Além do risco de morte ou de ferimentos, as crianças são frequentemente separadas das suas famílias e forçadas a fugir. "Estas condições inseguras de vida fazem com que a prostituição forçada, a violência sexual e o trabalho infantil aumentem dramaticamente”, prosseguiu o especialista. "As crianças estão completamente vulneráveis a situações nas quais até mesmo os adultos dificilmente conseguem se defender."
Apesar da ratificação da Convenção sobre os Direitos da Criança por quase todos os países, o Unicef alerta que as partes envolvidas em conflitos continuam a desconsiderar a proteção das crianças como uma das "regras fundamentais mais importantes da guerra". A lacuna entre teoria e prática é enorme.
Segundo Mischo, as quase 33 mil violações graves dos direitos da criança documentadas em 2023 são apenas as que "foram efetivamente confirmadas várias vezes por fontes independentes, ou seja, pelo governo, pelas organizações da ONU ou por entidades terceiras". "O número de casos não registrados é sempre cem vezes maior", assegura.
De acordo com o relatório do Unicef, a situação das crianças em 2023 era particularmente grave na Faixa de Gaza, na Ucrânia e no Sudão.
"Um quarto de todas estas violações dos direitos das crianças aconteceram em Gaza.

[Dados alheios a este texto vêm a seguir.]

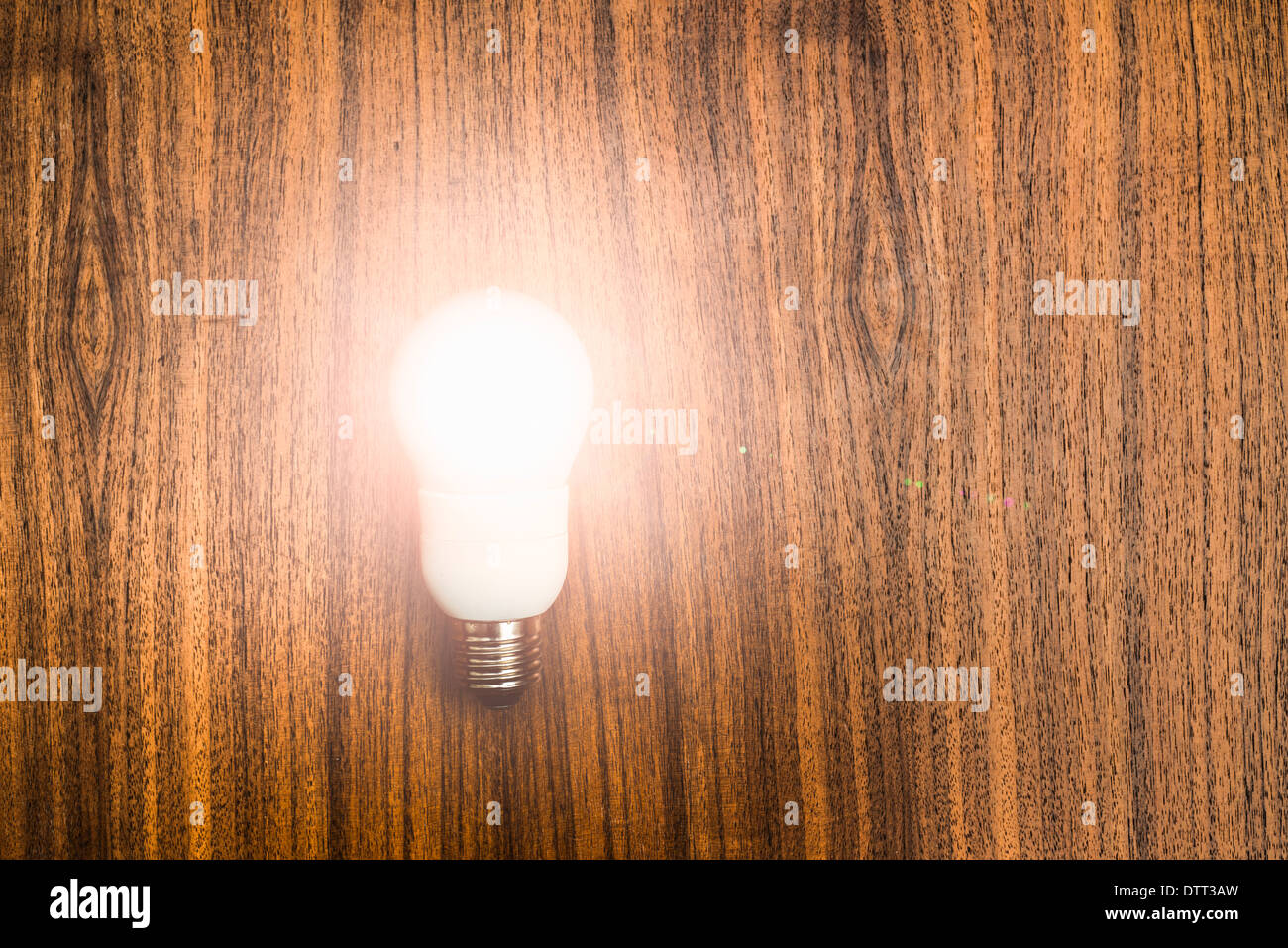 Beleuchtete Eco freundliche Glühbirne auf hölzernen Hintergrund. Konzeptbild von Ideen, Erfindungen und Erfolg mit Textfreiraum. Stockfoto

Muitos dizem que é atualmente o lugar mais mortal para as crianças em todo o mundo", aponta Mischo.
Em novembro, o TPI também emitiu um mandado de prisão contra o primeiro-ministro israelense, Benjamin Netanyahu, por acusações de crimes de guerra cometidos em Gaza que incluem ataques deliberados à população civil.
Segundo o especialista, essas medidas do direito penal têm um efeito grandioso contra as violações extremas dos direitos da criança em conflitos e guerras: "Em minha opinião, o mais importante é o fim da impunidade, que possui um efeito de dissuasão."